◆ Data entries
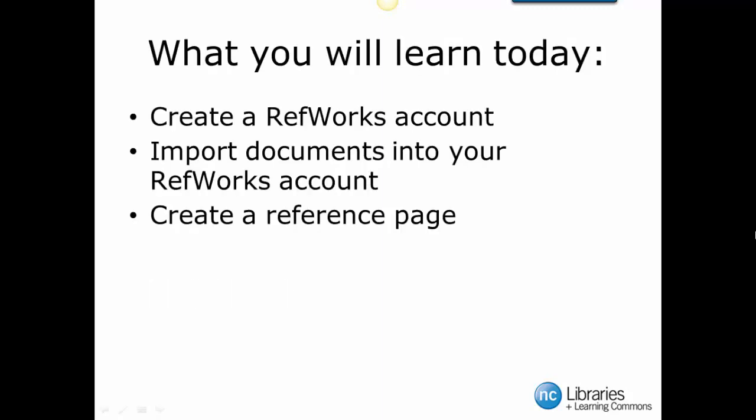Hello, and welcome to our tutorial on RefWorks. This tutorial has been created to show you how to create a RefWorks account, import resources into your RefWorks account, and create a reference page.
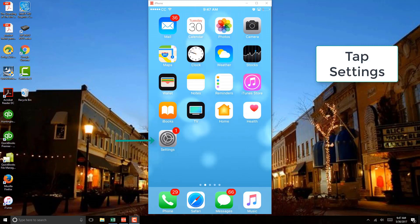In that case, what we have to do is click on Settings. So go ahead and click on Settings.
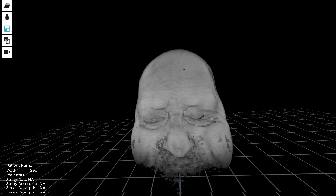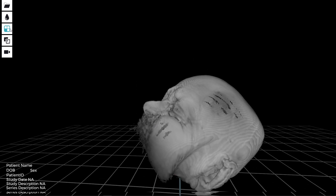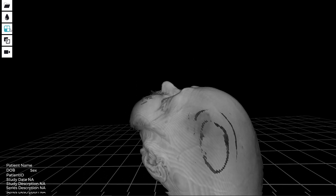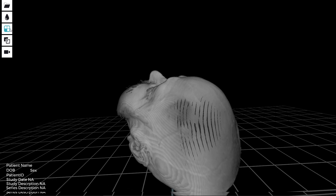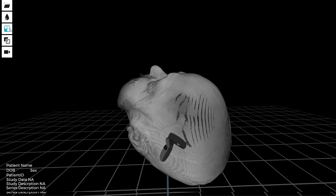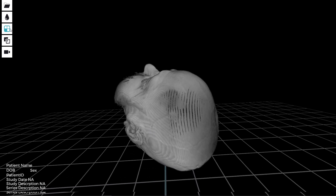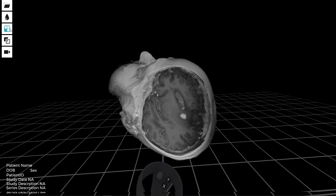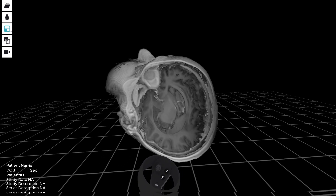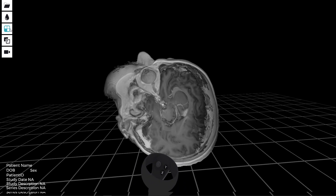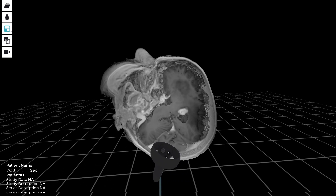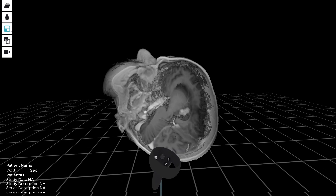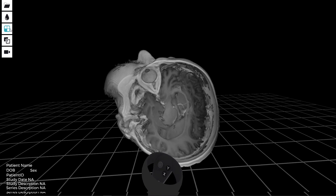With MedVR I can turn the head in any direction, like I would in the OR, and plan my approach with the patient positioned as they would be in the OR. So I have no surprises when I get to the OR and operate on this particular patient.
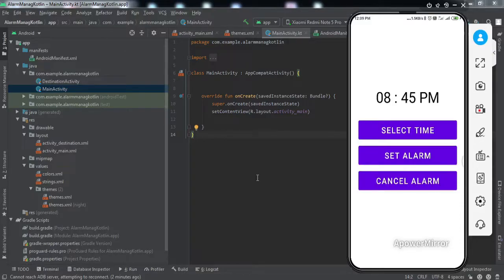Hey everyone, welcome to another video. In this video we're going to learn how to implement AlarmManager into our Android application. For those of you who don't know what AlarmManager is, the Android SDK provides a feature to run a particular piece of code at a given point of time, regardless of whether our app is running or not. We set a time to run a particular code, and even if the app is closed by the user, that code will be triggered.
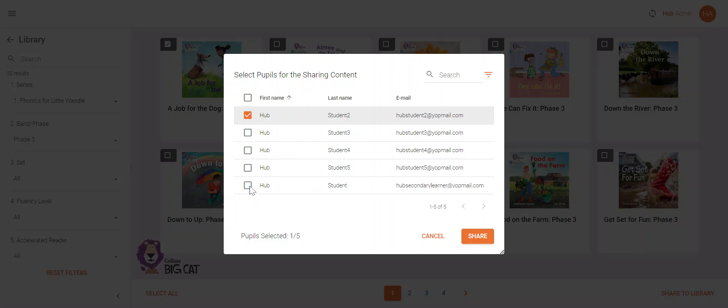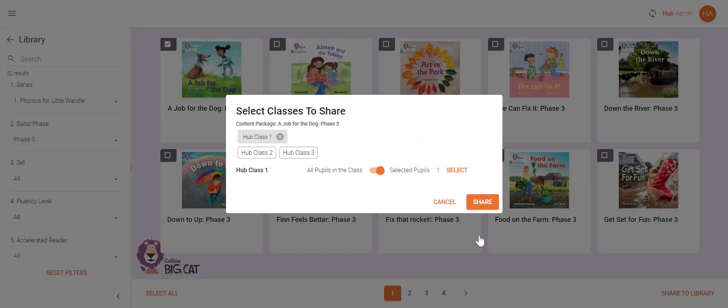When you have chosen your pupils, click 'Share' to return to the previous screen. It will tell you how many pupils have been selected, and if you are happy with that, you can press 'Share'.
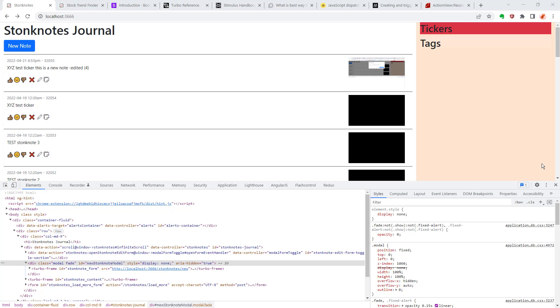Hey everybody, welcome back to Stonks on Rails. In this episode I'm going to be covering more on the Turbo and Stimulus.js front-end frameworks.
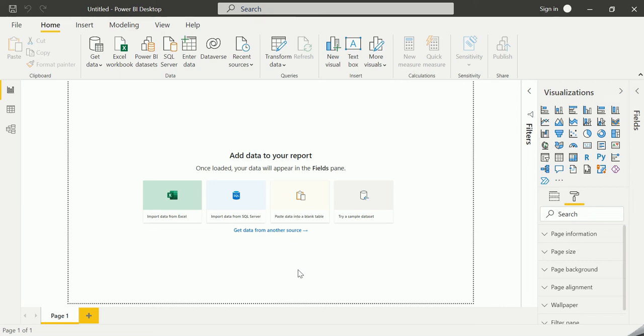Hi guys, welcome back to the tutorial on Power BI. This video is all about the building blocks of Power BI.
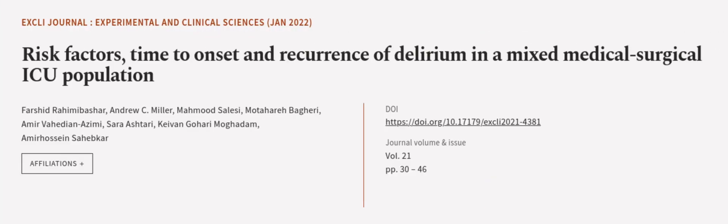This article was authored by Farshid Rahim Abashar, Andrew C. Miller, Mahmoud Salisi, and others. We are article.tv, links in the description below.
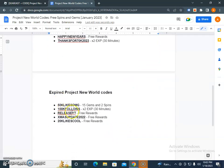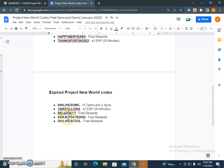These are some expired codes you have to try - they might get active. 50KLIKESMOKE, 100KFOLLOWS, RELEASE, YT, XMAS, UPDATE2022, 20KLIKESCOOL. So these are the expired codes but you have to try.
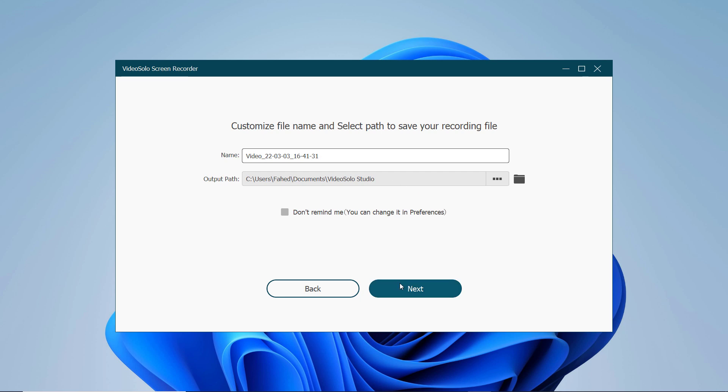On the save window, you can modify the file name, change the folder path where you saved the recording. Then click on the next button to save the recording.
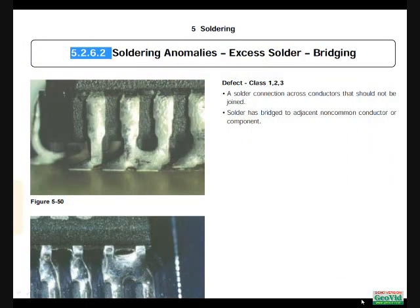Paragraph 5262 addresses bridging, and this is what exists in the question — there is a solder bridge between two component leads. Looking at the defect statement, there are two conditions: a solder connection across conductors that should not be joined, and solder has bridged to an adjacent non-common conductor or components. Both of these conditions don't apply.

◆ Goal of the exercise
The records above are to be duplicated exactly, pictures left out.

◆ Written response
Hello, and welcome to our tutorial on RefWorks. This tutorial has been created to show you how to create a RefWorks account, import resources into your RefWorks account, and create a reference page.
In that case, what we have to do is click on Settings. So go ahead and click on Settings.
With MedVR I can turn the head in any direction, like I would in the OR, and plan my approach with the patient positioned as they would be in the OR. So I have no surprises when I get to the OR and operate on this particular patient.
Hey everyone, welcome to another video. In this video we're going to learn how to implement AlarmManager into our Android application. For those of you who don't know what AlarmManager is, the Android SDK provides a feature to run a particular piece of code at a given point of time, regardless of whether our app is running or not. We set a time to run a particular code, and even if the app is closed by the user, that code will be triggered.
When you have chosen your pupils, click 'Share' to return to the previous screen. It will tell you how many pupils have been selected, and if you are happy with that, you can press 'Share'.
Hey everybody, welcome back to Stonks on Rails. In this episode I'm going to be covering more on the Turbo and Stimulus.js front-end frameworks.
Hi guys, welcome back to the tutorial on Power BI. This video is all about the building blocks of Power BI.
This article was authored by Farshid Rahim Abashar, Andrew C. Miller, Mahmoud Salisi, and others. We are article.tv, links in the description below.
These are some expired codes you have to try - they might get active. 50KLIKESMOKE, 100KFOLLOWS, RELEASE, YT, XMAS, UPDATE2022, 20KLIKESCOOL. So these are the expired codes but you have to try.
On the save window, you can modify the file name, change the folder path where you saved the recording. Then click on the next button to save the recording.
Paragraph 5262 addresses bridging, and this is what exists in the question — there is a solder bridge between two component leads. Looking at the defect statement, there are two conditions: a solder connection across conductors that should not be joined, and solder has bridged to an adjacent non-common conductor or components. Both of these conditions don't apply.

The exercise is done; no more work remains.